§ What you have to do: Every line of the following records that includes "sensor" should be copied.

╭──

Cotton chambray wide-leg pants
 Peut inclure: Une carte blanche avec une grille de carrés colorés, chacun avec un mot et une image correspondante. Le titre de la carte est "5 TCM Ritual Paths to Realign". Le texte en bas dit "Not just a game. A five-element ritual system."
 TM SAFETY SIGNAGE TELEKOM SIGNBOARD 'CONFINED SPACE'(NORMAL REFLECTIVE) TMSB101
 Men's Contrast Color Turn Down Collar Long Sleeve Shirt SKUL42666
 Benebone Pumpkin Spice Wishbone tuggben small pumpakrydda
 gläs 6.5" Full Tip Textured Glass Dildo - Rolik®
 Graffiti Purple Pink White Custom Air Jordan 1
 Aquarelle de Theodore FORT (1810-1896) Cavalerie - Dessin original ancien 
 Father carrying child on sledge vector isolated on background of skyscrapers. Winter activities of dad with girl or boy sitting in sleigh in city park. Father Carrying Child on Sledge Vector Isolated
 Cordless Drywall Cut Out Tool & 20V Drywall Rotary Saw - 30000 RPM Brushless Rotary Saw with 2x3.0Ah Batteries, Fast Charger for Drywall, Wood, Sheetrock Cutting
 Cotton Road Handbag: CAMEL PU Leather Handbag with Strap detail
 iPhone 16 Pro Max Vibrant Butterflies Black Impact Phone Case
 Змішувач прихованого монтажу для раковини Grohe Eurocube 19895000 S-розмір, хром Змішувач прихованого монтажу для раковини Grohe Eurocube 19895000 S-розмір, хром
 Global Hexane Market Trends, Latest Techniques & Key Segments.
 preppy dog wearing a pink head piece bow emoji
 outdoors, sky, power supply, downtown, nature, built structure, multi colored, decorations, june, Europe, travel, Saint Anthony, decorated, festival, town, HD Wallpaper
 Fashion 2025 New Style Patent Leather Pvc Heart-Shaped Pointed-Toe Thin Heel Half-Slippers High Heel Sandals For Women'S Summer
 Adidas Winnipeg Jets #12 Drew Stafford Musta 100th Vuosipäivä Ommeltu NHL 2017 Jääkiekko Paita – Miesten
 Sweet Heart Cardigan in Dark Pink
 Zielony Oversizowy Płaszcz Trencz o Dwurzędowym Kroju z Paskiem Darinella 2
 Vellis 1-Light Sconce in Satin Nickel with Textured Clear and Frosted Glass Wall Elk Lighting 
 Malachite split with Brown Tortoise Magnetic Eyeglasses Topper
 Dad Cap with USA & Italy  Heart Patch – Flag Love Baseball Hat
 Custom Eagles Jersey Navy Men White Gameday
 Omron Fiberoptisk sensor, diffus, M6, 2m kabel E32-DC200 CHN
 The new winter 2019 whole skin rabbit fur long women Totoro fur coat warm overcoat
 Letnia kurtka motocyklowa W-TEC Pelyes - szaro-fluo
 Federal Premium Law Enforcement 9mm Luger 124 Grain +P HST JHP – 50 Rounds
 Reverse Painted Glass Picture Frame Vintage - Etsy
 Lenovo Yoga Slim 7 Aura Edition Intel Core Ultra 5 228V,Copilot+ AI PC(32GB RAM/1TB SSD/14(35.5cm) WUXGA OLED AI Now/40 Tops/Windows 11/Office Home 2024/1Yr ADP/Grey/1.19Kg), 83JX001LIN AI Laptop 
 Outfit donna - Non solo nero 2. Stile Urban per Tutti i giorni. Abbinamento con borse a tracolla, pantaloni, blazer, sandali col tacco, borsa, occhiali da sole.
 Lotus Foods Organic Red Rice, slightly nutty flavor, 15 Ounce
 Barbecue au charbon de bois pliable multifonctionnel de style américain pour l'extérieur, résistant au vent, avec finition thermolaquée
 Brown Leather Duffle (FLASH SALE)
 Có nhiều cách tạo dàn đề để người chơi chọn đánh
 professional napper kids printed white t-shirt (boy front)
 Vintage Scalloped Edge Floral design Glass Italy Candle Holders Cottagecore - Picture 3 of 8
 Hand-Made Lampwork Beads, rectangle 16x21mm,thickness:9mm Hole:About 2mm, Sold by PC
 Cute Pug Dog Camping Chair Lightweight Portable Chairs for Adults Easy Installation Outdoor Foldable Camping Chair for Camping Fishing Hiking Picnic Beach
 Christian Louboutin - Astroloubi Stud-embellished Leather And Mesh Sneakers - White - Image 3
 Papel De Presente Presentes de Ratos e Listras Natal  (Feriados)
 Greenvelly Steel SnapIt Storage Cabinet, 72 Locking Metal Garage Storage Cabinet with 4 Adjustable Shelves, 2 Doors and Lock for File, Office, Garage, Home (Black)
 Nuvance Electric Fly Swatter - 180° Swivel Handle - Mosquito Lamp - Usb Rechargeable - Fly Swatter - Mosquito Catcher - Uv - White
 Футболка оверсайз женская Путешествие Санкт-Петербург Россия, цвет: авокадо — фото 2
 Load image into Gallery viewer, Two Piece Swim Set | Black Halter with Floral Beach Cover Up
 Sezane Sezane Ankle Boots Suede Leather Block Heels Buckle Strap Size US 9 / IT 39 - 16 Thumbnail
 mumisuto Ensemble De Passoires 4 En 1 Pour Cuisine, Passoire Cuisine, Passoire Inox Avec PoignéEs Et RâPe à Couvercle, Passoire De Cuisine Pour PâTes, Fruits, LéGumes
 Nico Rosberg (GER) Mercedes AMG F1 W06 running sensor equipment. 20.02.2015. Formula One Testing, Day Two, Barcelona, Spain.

╰──

§ Result of this task:
 Omron Fiberoptisk sensor, diffus, M6, 2m kabel E32-DC200 CHN
 Nico Rosberg (GER) Mercedes AMG F1 W06 running sensor equipment. 20.02.2015. Formula One Testing, Day Two, Barcelona, Spain.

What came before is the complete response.